* Entries shown *
===============

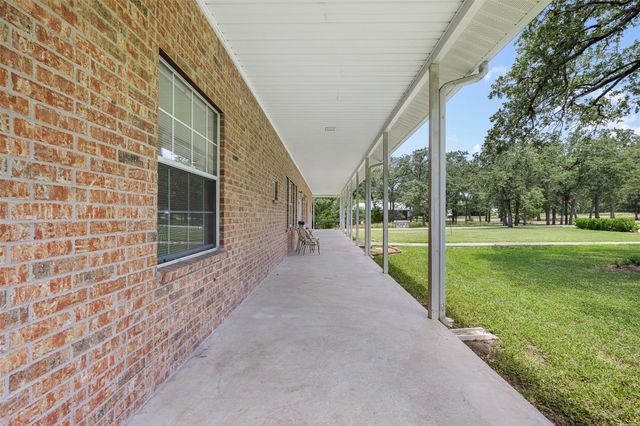 730 Panorama RD, La Grange, TX 78945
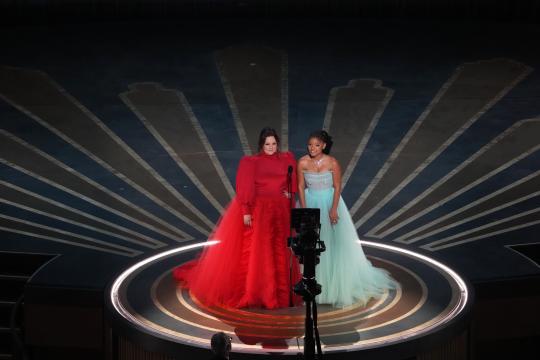 Oscars Embrace the Future, While Holding On to the Past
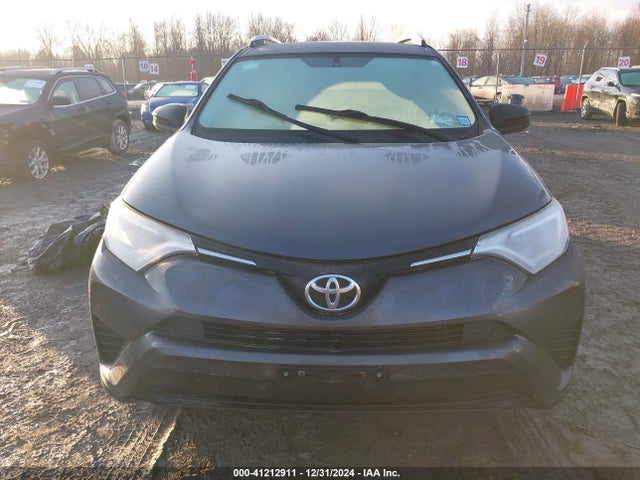 Toyota RAV4 LE 2016 JTMBFREV1GJ092661 Image 12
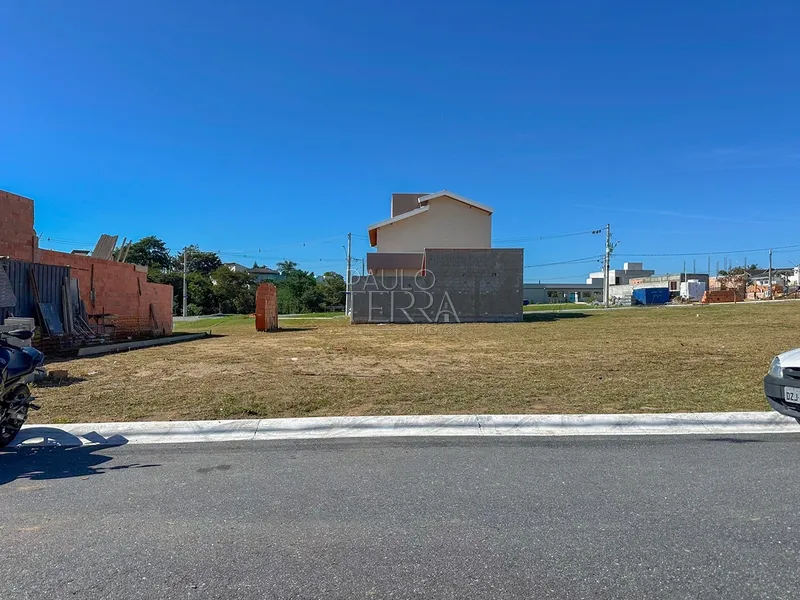 Terreno à venda no Condomínio Colinas do Sol em Tremembé | 250 m², plano e vista para serra: 2ª foto da galeria de imagens do imóvel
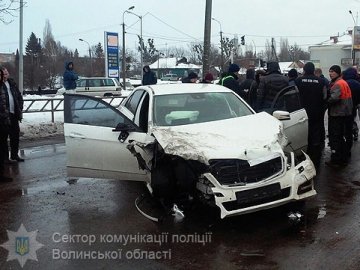 Аварія на Дубнівській: відео з камер спостереження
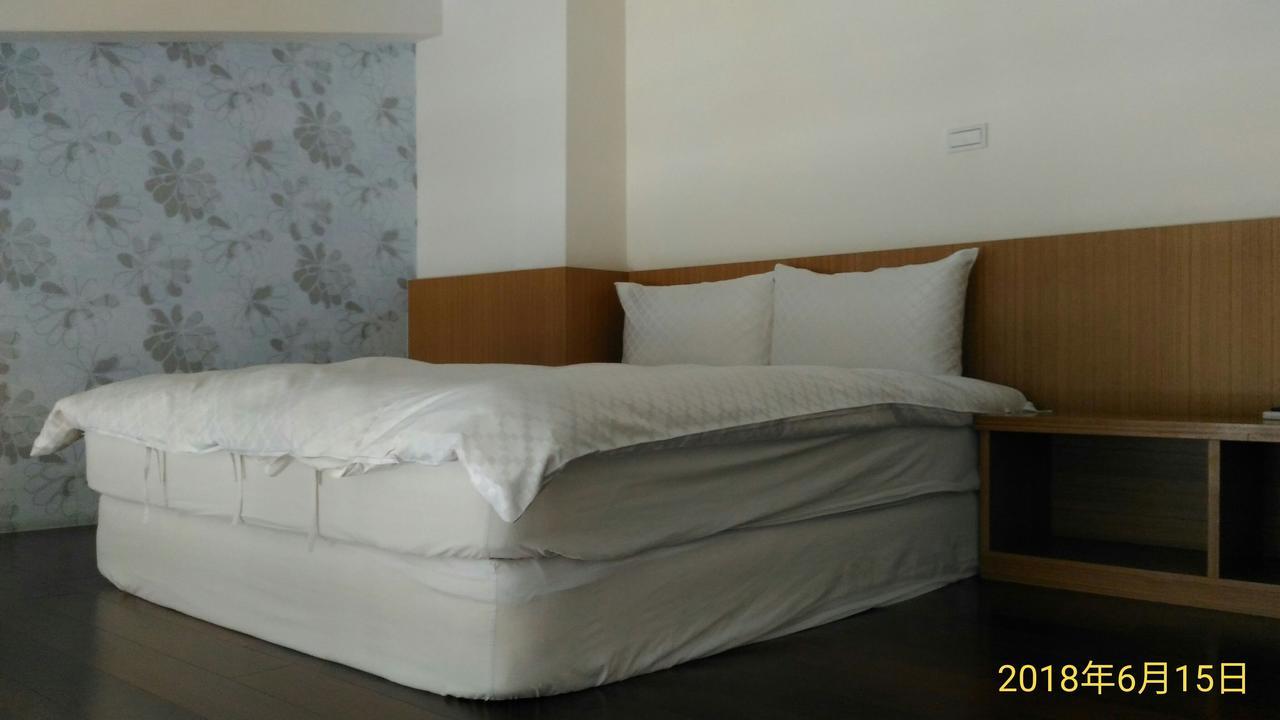 Sky Square Homestay Маґун Екстер'єр фото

===============

* What needs to be done *
Apart from the pictures, return the records exactly.

* Written solution *
 730 Panorama RD, La Grange, TX 78945
 Oscars Embrace the Future, While Holding On to the Past
 Toyota RAV4 LE 2016 JTMBFREV1GJ092661 Image 12
 Terreno à venda no Condomínio Colinas do Sol em Tremembé | 250 m², plano e vista para serra: 2ª foto da galeria de imagens do imóvel
 Аварія на Дубнівській: відео з камер спостереження
 Sky Square Homestay Маґун Екстер'єр фото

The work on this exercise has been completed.